Would you feel safe going to France at this point? We are supposedly to leave in a week. And now with the Military uproar in Turkey.

Posted by
3207 posts

I would feel as safe there as anywhere. No use worrying about something that is likely not to happen. None of us can control when it is our time. You could lock yourself in your house and not be any better off...and bored as well.

Posted by
38 posts

Thank you! I just want to be smart. We were just in Israel 2 months ago and felt totally safe. As you said, there are things going on here in the States right within my city. A friend went to Turkey yesterday for a wedding and now the airport is shut down. His wife is worried that he won't be able to come back.

Posted by
64 posts

France, no worries. Will be heading there in September.

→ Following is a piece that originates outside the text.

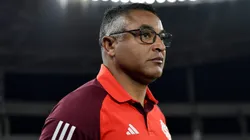 Roger Machado vê rival treinar com formação de 3 volantes para grande decisão do Gauchão - Foto: Thiago Ribeiro/AGIF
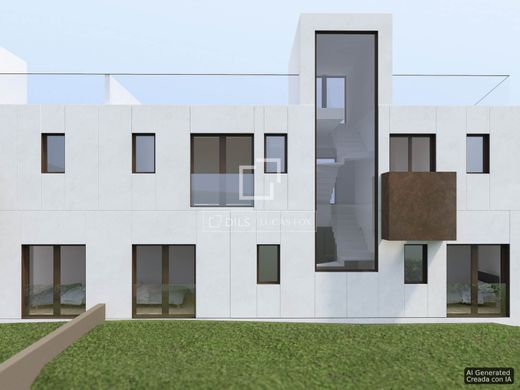 Maison de luxe à vendre à Bordones, 1 000 000 €, Photo 3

Turkey - keep an eye on this as Erdoyan is trying to fundamentally change the country, and not for the better.

Posted by
482 posts

Yes, our trip is in a month instead of yours in a week, but we'll be going to France as planned.

No, I don't feel totally safe but I think there's virtually no chance that we'll be hurt in a terrorist attack.

Posted by
2459 posts

If your lodging and transport reservations are already paid for, I will step forward and volunteer to take your place. I promise to take plenty of pictures and let you know how things go. ;-)

Posted by
14507 posts

"...feel safe going to France....? Depends where in France is how I see if I were going , say next week.

Posted by
7299 posts

When you compare the frequency of mass shootings in the USA (nearly daily) with the frequency of terrorism in France, it's an easy call.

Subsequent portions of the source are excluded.